As distribuidoras apontam que o grande problema para os grandes consumidores está na ausência de ofertantes de gás natural e na falta de livre acesso à malha de transporte. Isso exigiria estabelecer regras para essa abertura. A Petrobras é a grande produtora do insumo no país e a principal carregadora, em um momento em que o setor discute a renegociação do acordo com a Bolívia, responsável por 30 milhões de m3 /dia.

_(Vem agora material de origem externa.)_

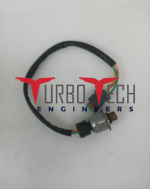 Pressure Sensor 224-4536, 3PP6-1, 194-6726, 1946726 Caterpillar C7 C9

"Alguns pontos poderiam ser resolvidos sem participação do Congresso, como as tarifas de entrada e saída dos gasodutos. Mas também seria preciso comando legal para o livre acesso a gasodutos de escoamento, unidades de processamento e gasodutos de transporte, o que foi excluído da redação final da Lei do Gás", diz Marcelo Mendonça, gerente de competitividade da Abegás, que reúne as distribuidoras de gás natural. Para ele, a abertura do mercado depende do aumento da oferta e dos fornecedores para que o crescimento do segmento seja sustentável.

Segundo os grandes consumidores, a falta de regulamentação do mercado livre é justamente o grande problema - atualmente apenas doze Estados têm uma regulação específica sobre o tema.

Não existem grandes consumidores industriais de gás livres, como ocorre no setor elétrico. Alguns Estados com forte consumo de gás, caso da Bahia, quarto maior consumo industrial do país, ainda não regulamentaram a figura do consumidor livre.

Os 14 Estados onde não há regulamentação também não criaram leis sobre o livre acesso aos agentes, nem sobre o pagamento de tarifas para utilização dos dutos, o que impede, por exemplo, o acesso de pequenos produtores ao mercado.

Mesmo nos Estados em que há regulação, existem indefinições. Em Pernambuco, por exemplo, o consumo mínimo exigido é 500 mil m3 /dia, mas o maior consumidor estadual utiliza pouco mais de 100 mil m3 /dia.

No Rio de Janeiro, a margem de distribuição é igual para o consumidor cativo e o livre, e este último ainda pode ter de lidar com quatro contratos diferentes para obter o insumo. Em São Paulo, o consumidor livre pode adquirir o gás apenas do comercializador, não sendo possível contratar de outros produtores ou importadores.

"Há várias zonas cinzentas que precisarão ser resolvidas", afirma o presidente da Associação Brasileira da Indústria do Vidro (Abividro), Lucien Belmonte. "O mercado livre não existe por causa da ausência de ofertantes, se não se destravar a oferta de gás não se chegará a ele", diz Mendonça, da Abegás.

Outra variável a ser considerada será o contrato do Gasoduto Bolívia-Brasil (Gasbol), que expira em 2019. Hoje o gasoduto responde pelo envio de cerca de 30 milhões de metros cúbicos diários, cujo principal comprador é a Petrobras. "As reservas bolivianas vêm em queda, será que eles terão capacidade para entregar no longo prazo? Que quantidade a Petrobras comprará?", questiona Paulo Toledo, sócio da Ecom Energia, que obteve autorização para comercializar gás da Agência Nacional do Petróleo (ANP).

Toledo viajou para a Bolívia algumas vezes nos últimos dois anos, com intenção de comercializar volumes pequenos de 100 mil m3 /dia, mas desistiu. "O mercado de gás natural tem muitas incógnitas ainda", aponta. Espera-se a abertura em breve de uma chamada pública da ANP sobre o tema. "Quem vai ser o carregador? Sem isso, a negociação com a Bolívia não avançará", afirma Mendonça, da Abegás.